It’s OK to make stuff in the USA

Jack with roof cut offs

 

Our son Jack playing wheel with roof cut-offs that were made in the USA

So here’s a tale from the “It’s OK to Make Things In This Country” File:

I’m at the home center picking up a sheet of ¾ inch birch/maple plywood for a project. The sheet is nice and straight so I pick it up to put it in the cart. That’s when I and notice the bar-code label and this three-word sentence: Made in China.

Plywood? China? Huh?

 I understand globalization (to a point) and without its massive economic force the TV on the wall or the computer you’re reading—and I’m producing—this on would cost a bazillion dollars. And that markets are global. I’m a patriot, sure, but not blind to the realities of how business works. But plywood? It’s cheaper to get cut trees down and mill them in China than Pennsylvania or Idaho? Come on. Electronics and other goods I get. Plywood…That simply doesn’t add up.

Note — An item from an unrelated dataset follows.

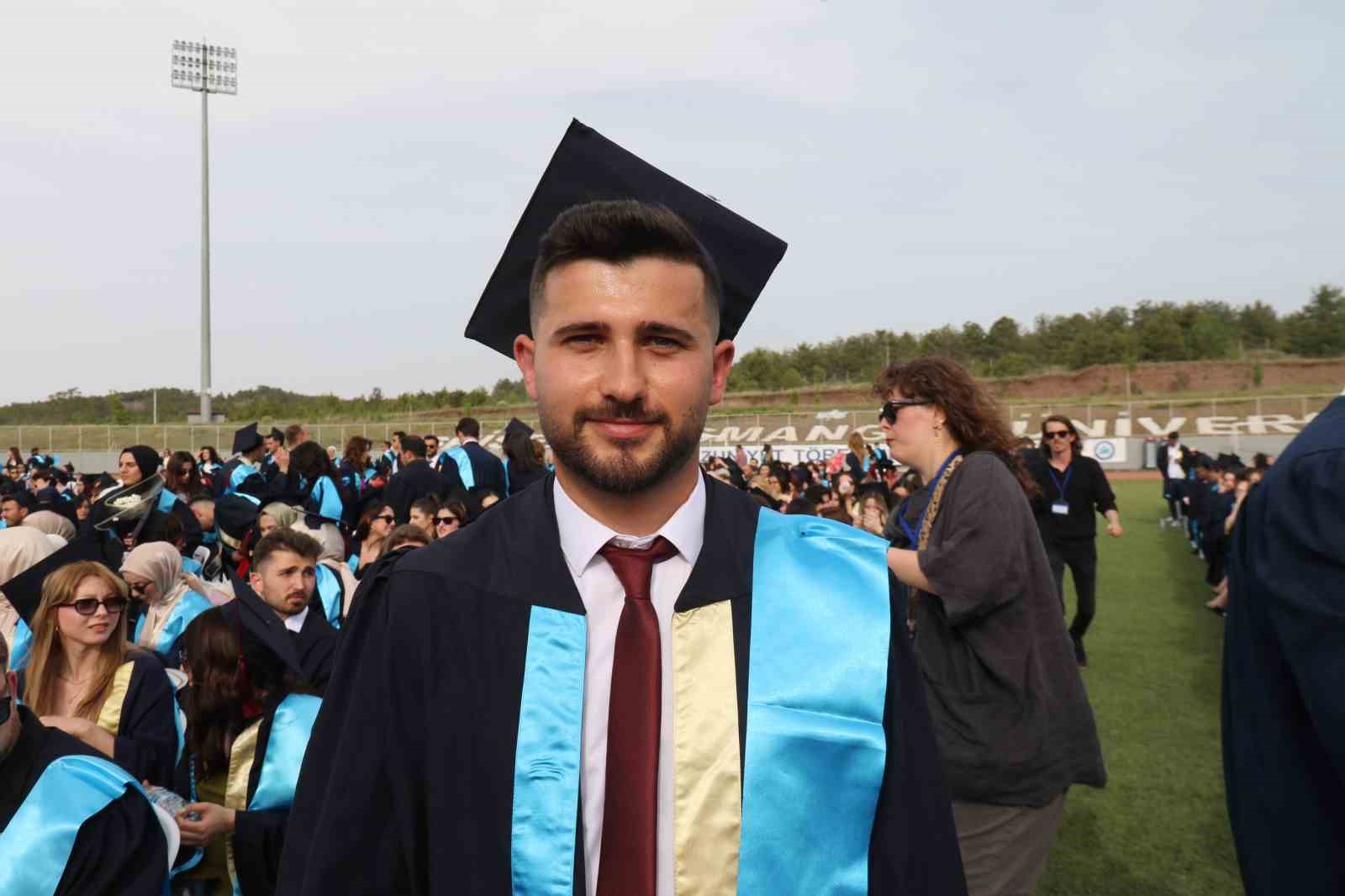 Kep takan sevimli at, 4 bin 500 öğrenci ile birlikte mezun oldu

And because I’m not blind to how business works, that’s very reason I have the “It’s OK to Make Things in This Country” File where I applaud companies that find ways to keep jobs and supply chains as “here” as possible. Because after all, just because you can make a product in another nation, it doesn’t mean you should.

Earning its way into the File is DaVinci Roofscapes. 100% of the company’s awesome polymer roof tiles made in the last 12 years have been made here. Boom. Nice. This process feeds our economy via taxes paid, jobs created, and of course, homes improved and beautified. What’s more, a huge portion of the supply chain (the raw stuff the tiles are made out of, etc) is stateside as well, creating what the president of the company calls a ‘multiplier effect’ that helps other businesses run well as well.

Now if we can just work out that plywood thing we can get another winner in the File. Happy Fourth of July.